*** DATA UNDER STUDY ***

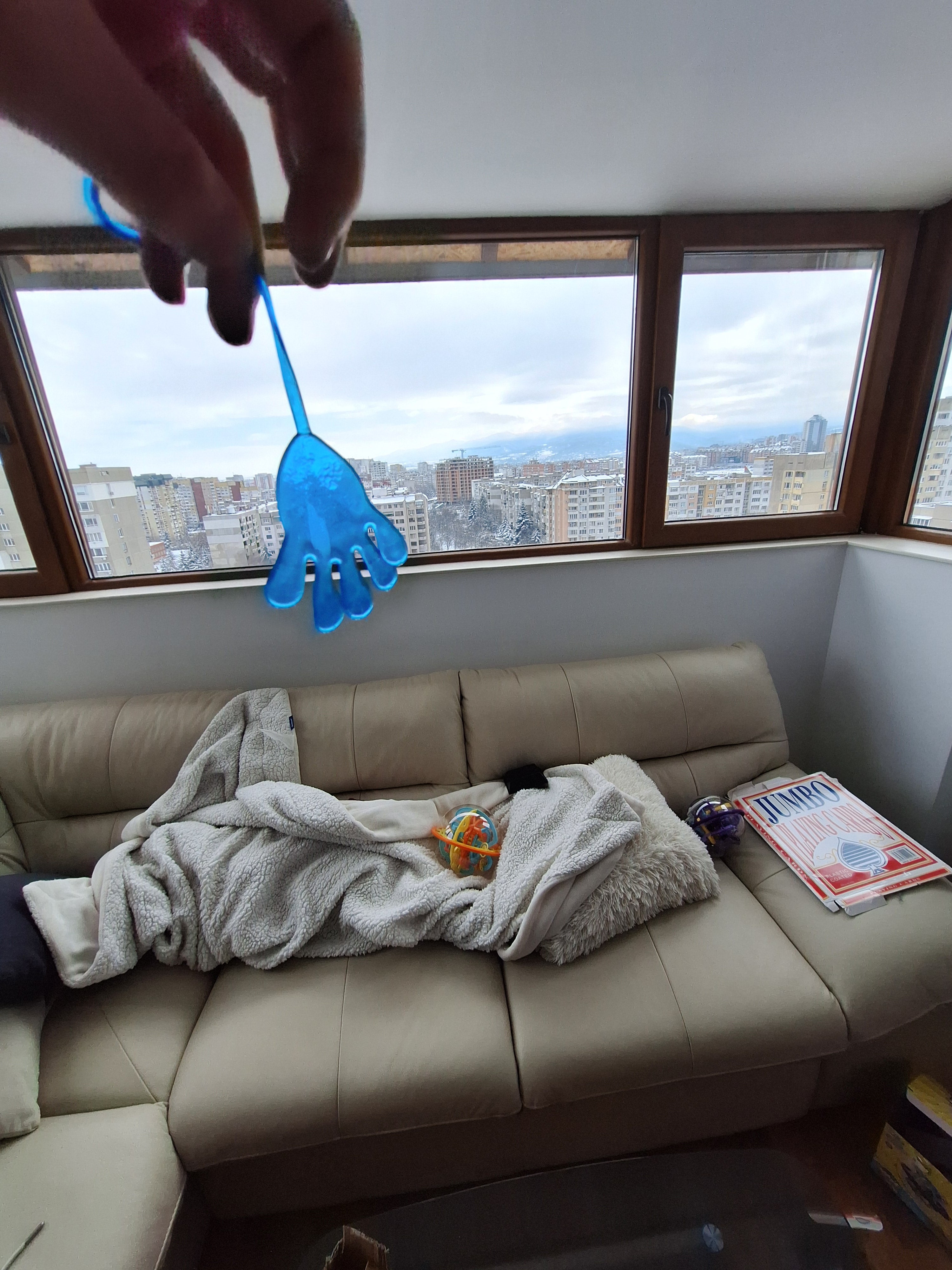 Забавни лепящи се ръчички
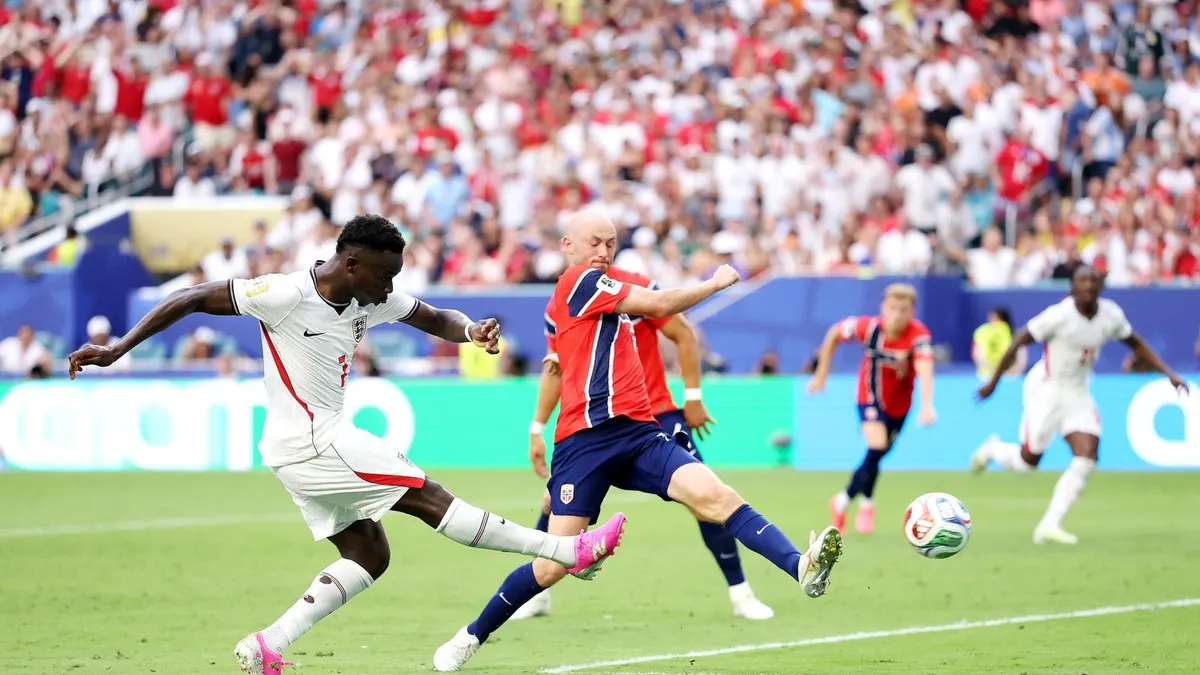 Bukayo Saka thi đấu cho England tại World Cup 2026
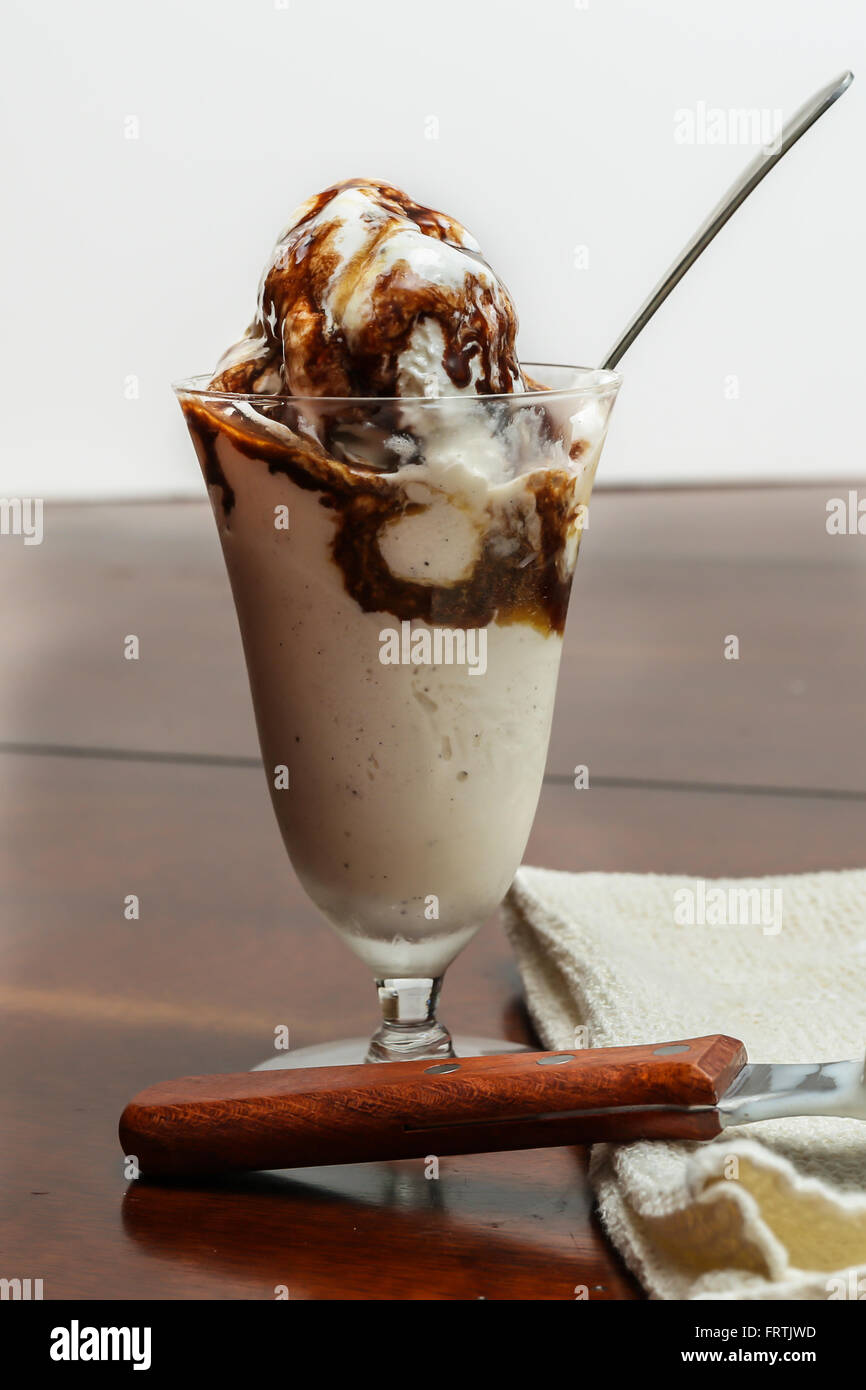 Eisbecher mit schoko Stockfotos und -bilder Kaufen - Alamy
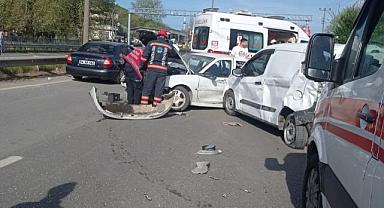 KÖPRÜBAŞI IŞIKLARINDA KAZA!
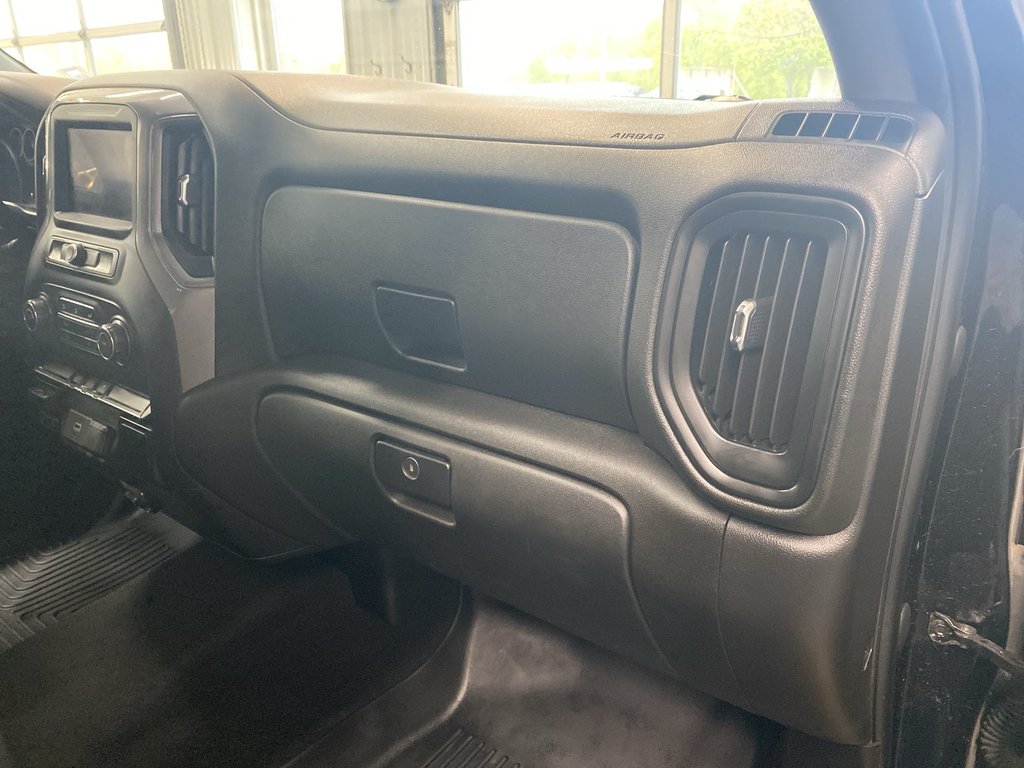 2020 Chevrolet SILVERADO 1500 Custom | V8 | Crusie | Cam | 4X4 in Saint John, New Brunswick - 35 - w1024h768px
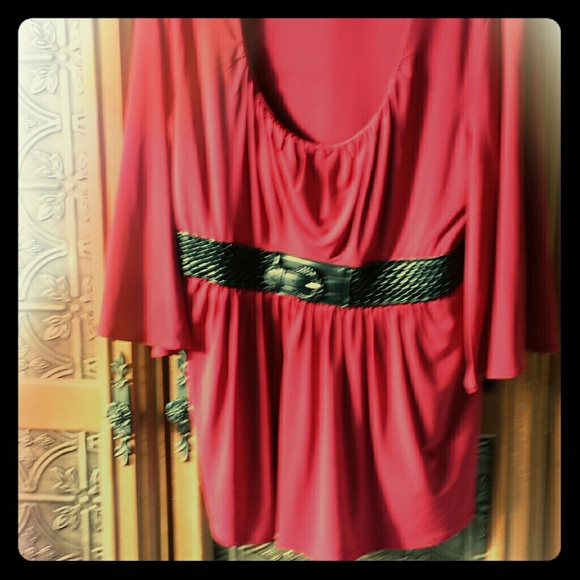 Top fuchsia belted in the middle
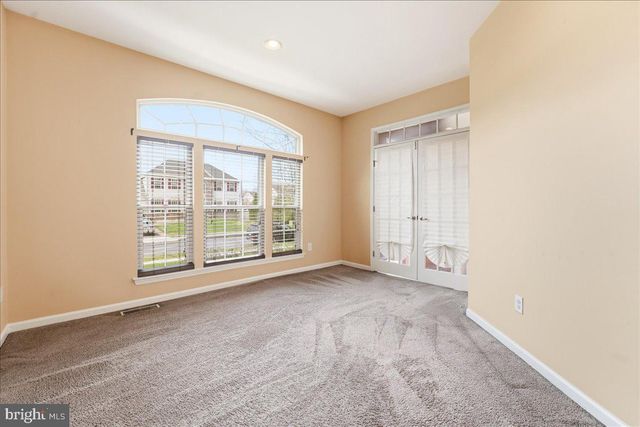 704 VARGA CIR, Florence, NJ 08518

*** End of DATA UNDER STUDY ***

▸ WHAT IS BEING ASKED
Copy out exactly the lines between the line containing "2020 Chevrolet SILVERADO" and the end of the entries, including both, and leave the pictures behind.

▸ SOLUTION
 2020 Chevrolet SILVERADO 1500 Custom | V8 | Crusie | Cam | 4X4 in Saint John, New Brunswick - 35 - w1024h768px
 Top fuchsia belted in the middle
 704 VARGA CIR, Florence, NJ 08518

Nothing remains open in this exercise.